Registrant’s telephone number, including area code: (804) 648-3820

 

 

Check the appropriate box below if the Form 8-K filing is intended to simultaneously satisfy the filing obligations of the registrant under any of the following provisions:

 

¨ Written communications pursuant to Rule 425 under the Securities Act (17 CFR 230.425)

 

¨ Soliciting material pursuant to Rule 14a-12 under the Exchange Act (17 CFR 240.14a-12)

 

¨ Pre-commencement communications pursuant to Rule 14d-2(b) under the Exchange Act (17 CFR 240.14d-2(b))

 

¨ Pre-commencement communications pursuant to Rule 13e-4(c) under the Exchange Act (17 CFR 240.13e-4(c))

 

 

 


ITEM 1.01 ENTRY INTO A MATERIAL DEFINITIVE AGREEMENT.

On July 31, 2008, Commonwealth Biotechnologies, Inc. (“CBI”) entered into a Second Amended and Restated Employment Agreement with James H. Brennan (the “Agreement”). The Agreement is effective as of January 1, 2008 and terminates that certain First Amended and Restated Employment Agreement by and between CBI and Mr. Brennan, dated as of January 1, 2005 as amended January 1, 2005. The Agreement has a term of one year and provides for a base salary of at least $150,000 per year, with any amount above such minimum level to be determined by CBI’s Board of Directors and Compensation Committee. In addition to base salary, Mr. Brennan is eligible to receive an annual cash bonus, the amount of which shall be based on CBI’s financial performance and calculated in accordance with specific formulae included in the Agreement. The Agreement also provides that Mr. Brennan may be eligible for an additional annual bonus in the form of incentive stock options.

Under the Agreement, the Company may terminate Mr. Brennan’s employment at any time for “Cause” as such term is defined in the Agreement. If the Company terminates Mr. Brennan’s employment for any reason with or without “Cause” or if Mr. Brennan terminates his employment with or without “Good Reason” (as such terms are defined in the Agreement), within 30 days of the termination, CBI will be obligated to pay Mr. Brennan a lump sum equal to twice Mr. Brennan’s annual salary with such amount being grossed up for federal and/or state taxes.

The Agreement contains a non-competition provision, which prohibits Mr. Brennan from competing with the Company or soliciting its employees under certain circumstances. A court may, however, determine that these non-competition provisions are unenforceable or only partially enforceable.

 

ITEM 1.02 TERMINATION OF A MATERIAL DEFINITIVE AGREEMENT.

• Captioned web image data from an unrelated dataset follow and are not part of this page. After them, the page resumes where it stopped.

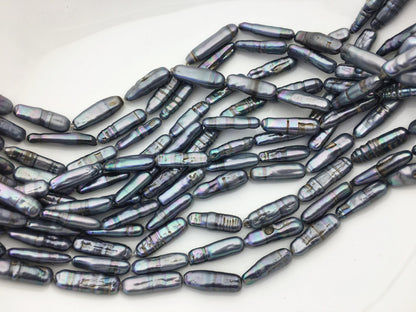 15.5'' AA 6-8mm Black Blue rectangle pearls,ZS-80-25-17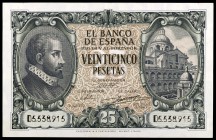 1940. 25 pesetas. (Ed. D37a). 9 de enero, Juan de Herrera. Serie D. Doblez central casi inapreciable. Escaso. EBC+.
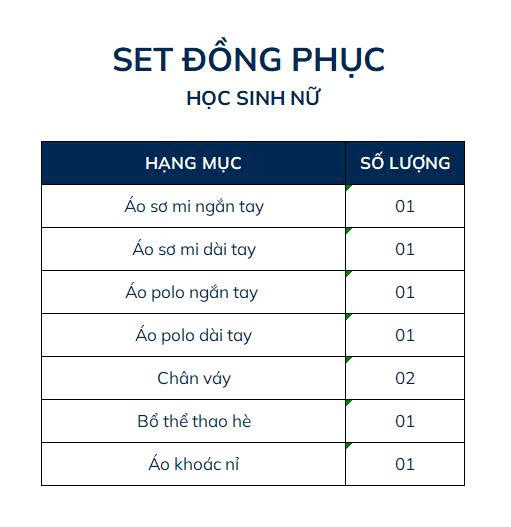 SET ĐỒNG PHỤC HỌC SINH NỮ NĂM HỌC 2026-2027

As of the effective date of the Agreement, CBI and Mr. Brennan terminated that certain First Amended and Restated Employment Agreement, dated as of January 1, 2005 and the first amendment thereto dated January 1, 2005, in accordance with its terms.

 

ITEM 9.01 FINANCIAL STATEMENTS AND EXHIBITS.

 

(a) Financial statements of businesses acquired.

Not Applicable.

 

(b) Pro forma financial information.

Not Applicable.

 

(c) Shell company transactions.

Not Applicable.

 

(d) Exhibits.

 

  99.1 Second Amended and Restated Employment Agreement by and between James H. Brennan and Commonwealth Biotechnologies, Inc., dated as of July 31, 2008.

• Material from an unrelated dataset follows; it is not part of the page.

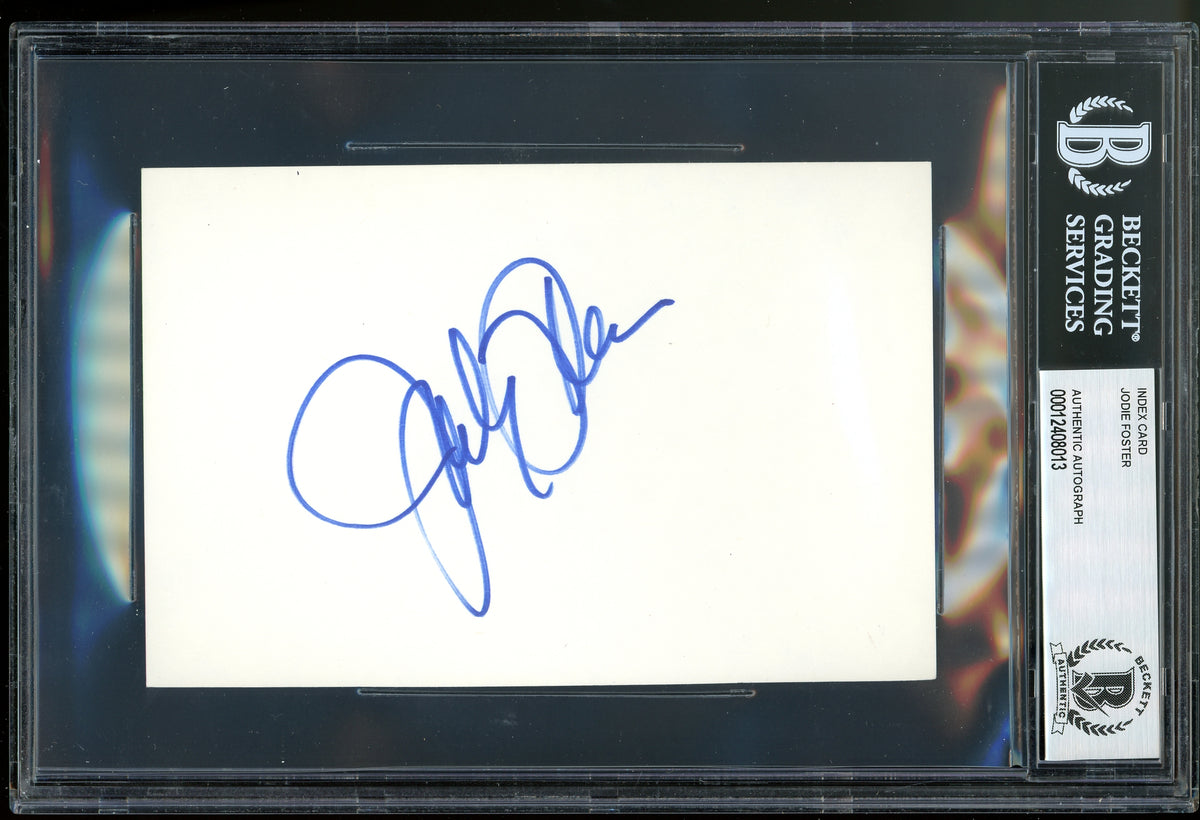 Jodie Foster The Silence of the Lambs Authentic Signed 4x6 Index Card BAS Slab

Pursuant to the requirements of the Securities and Exchange Act of 1934, the registrant has duly caused this report to be signed on its behalf by the undersigned thereunto duly authorized.

 

COMMONWEALTH BIOTECHNOLOGIES, INC.
By:  

/s/ Richard J. Freer, Ph.D.

  Richard J. Freer, Ph.D.
 

Chairman and Chief Operating Officer

Dated: August 6, 2008


EXHIBIT INDEX

 

Number

  

Description of Exhibit

99.1

   Second Amended and Restated Employment Agreement by and between James H. Brennan and Commonwealth Biotechnologies, Inc., dated as of July 31, 2008.
EX-99.1 2 dex991.htm SECOND AMENDED AND RESTATED EMPLOYMENT AGREEMENT Second Amended and Restated Employment Agreement

Exhibit 99.1

SECOND AMENDED AND RESTATED EMPLOYMENT AGREEMENT

THIS SECOND AMENDED AND RESTATED EMPLOYMENT AGREEMENT made as of the 31st day of July, 2008, by and between COMMONWEALTH BIOTECHNOLOGIES, INC., a Virginia corporation (the “Employer”), and JAMES H. BRENNAN (the “Employee”).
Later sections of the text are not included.